Extracted data entries

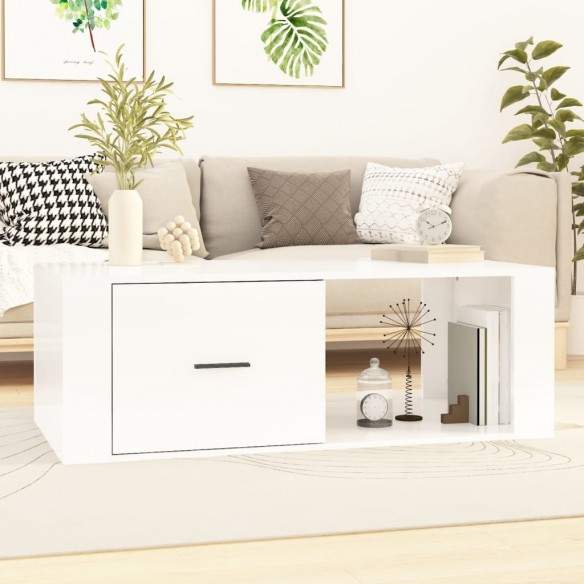 Table basse Blanc brillant 100x50,5x35 cm 
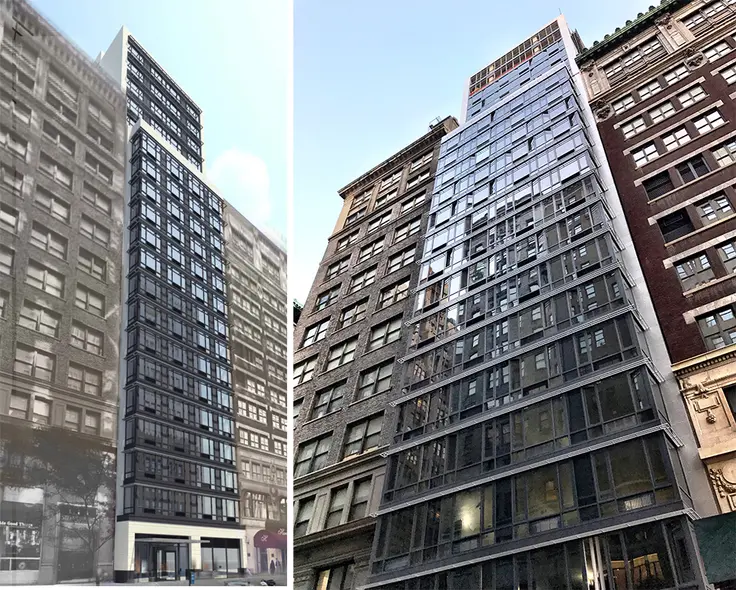 145 Madison rendering (via Winick) and photos showing recently uncovered facade (CityRalty)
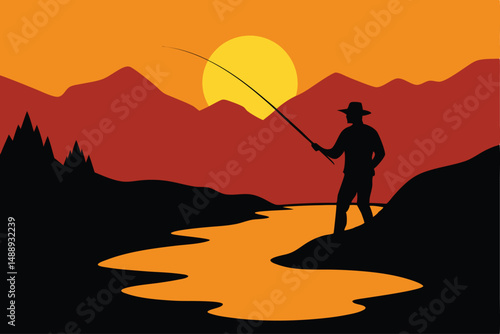 A solitary fisherman casts his rod, silhouetted against the vibrant sunset over the tranquil lake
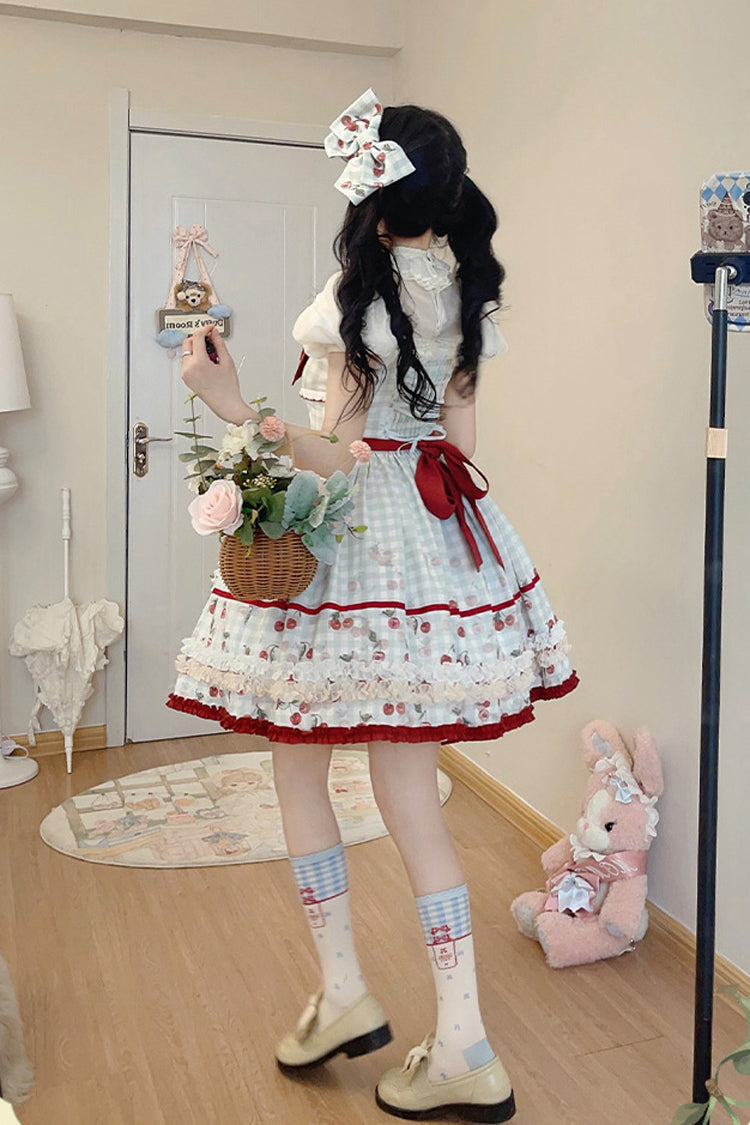 Sweet Lolita JSK - South City Cherry Shop, Blue, Plaid, Printed, Bow Detail - additional product view 6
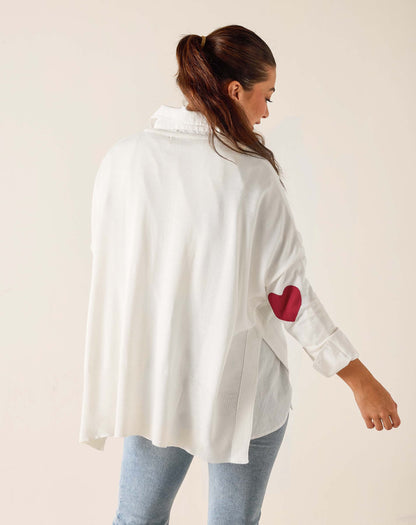 Amour Sweater With Heart Patch, White/Red, One Size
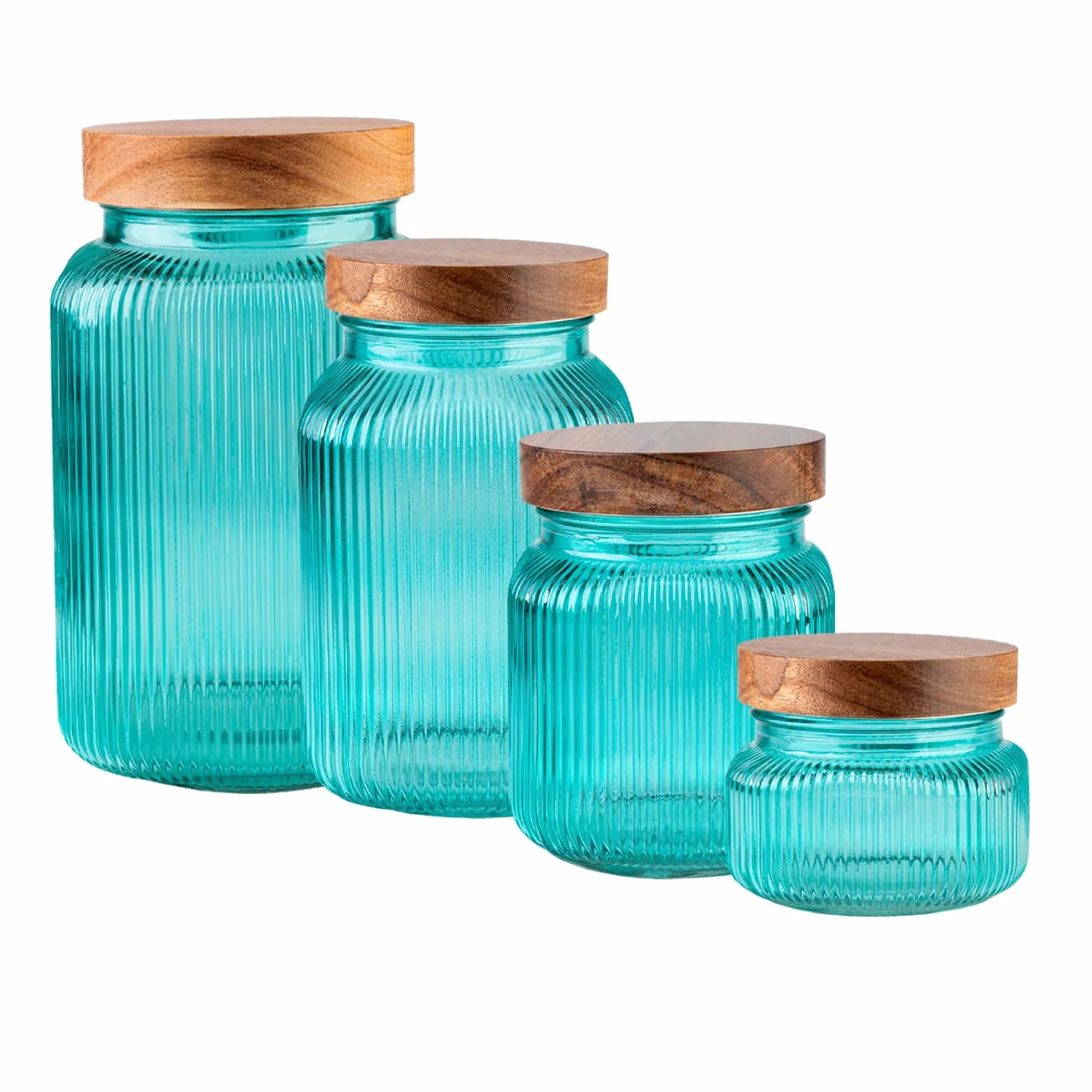 Pojemniki na zapasy ze szkła, zestaw 500 ml, 1000 ml, 2000 ml, 3000 ml, 4 słoiki żebrowane z drewnianymi pokrywkami, dekoracyjne szklane pojemniki na przyprawy, zioła, słodycze, turkusowe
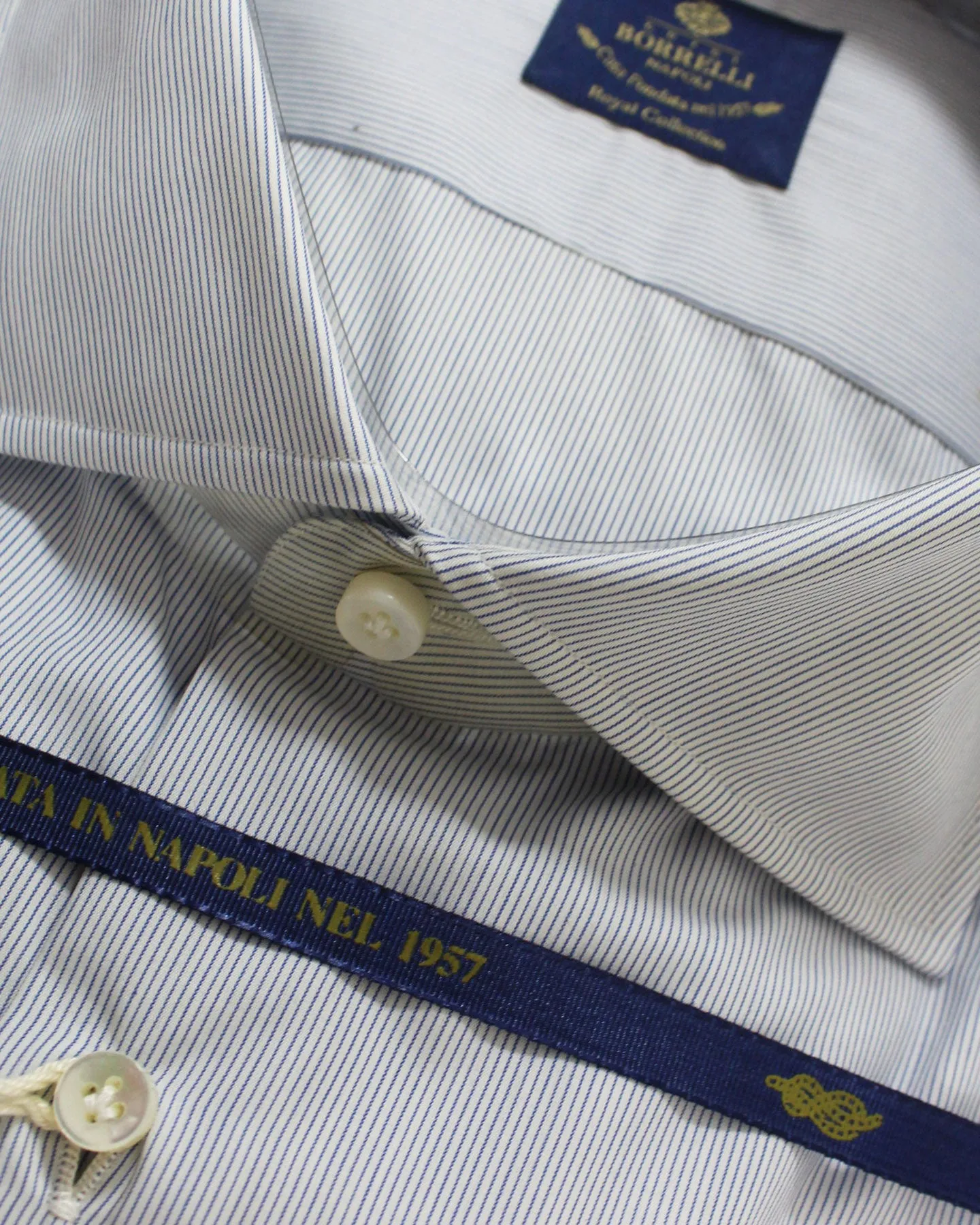 Luigi Borrelli Dress Shirt White Blue Stripes - Royal Collection 38 - 15 SALE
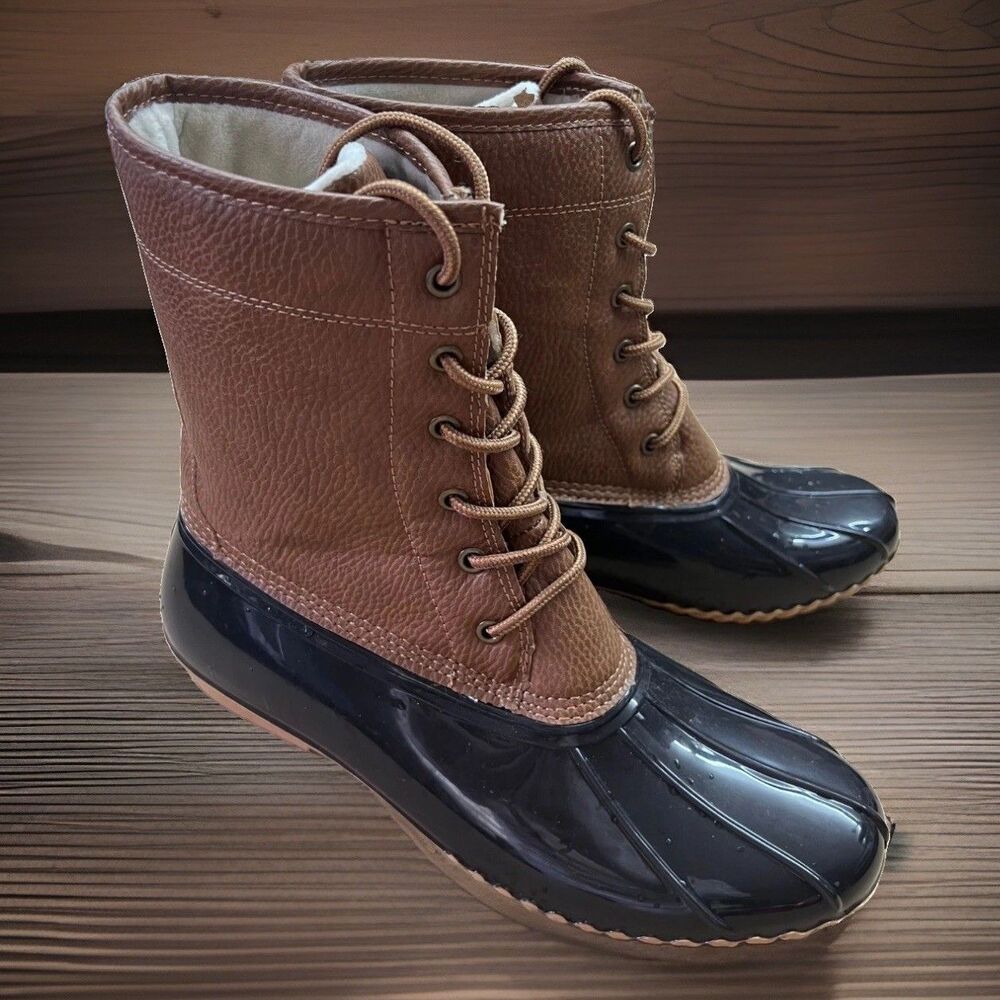 JBU Mens Maine Duck Embrace Lace Up Rainy Days Boot Tan and Black  Size 11M NWOT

* [EXERCISE DESCRIPTION]
Repeat the records above exactly, from the first line through the line containing "A solitary fisherman", and leave out the pictures.

* [YOUR RESPONSE]
 Table basse Blanc brillant 100x50,5x35 cm 
 145 Madison rendering (via Winick) and photos showing recently uncovered facade (CityRalty)
 A solitary fisherman casts his rod, silhouetted against the vibrant sunset over the tranquil lake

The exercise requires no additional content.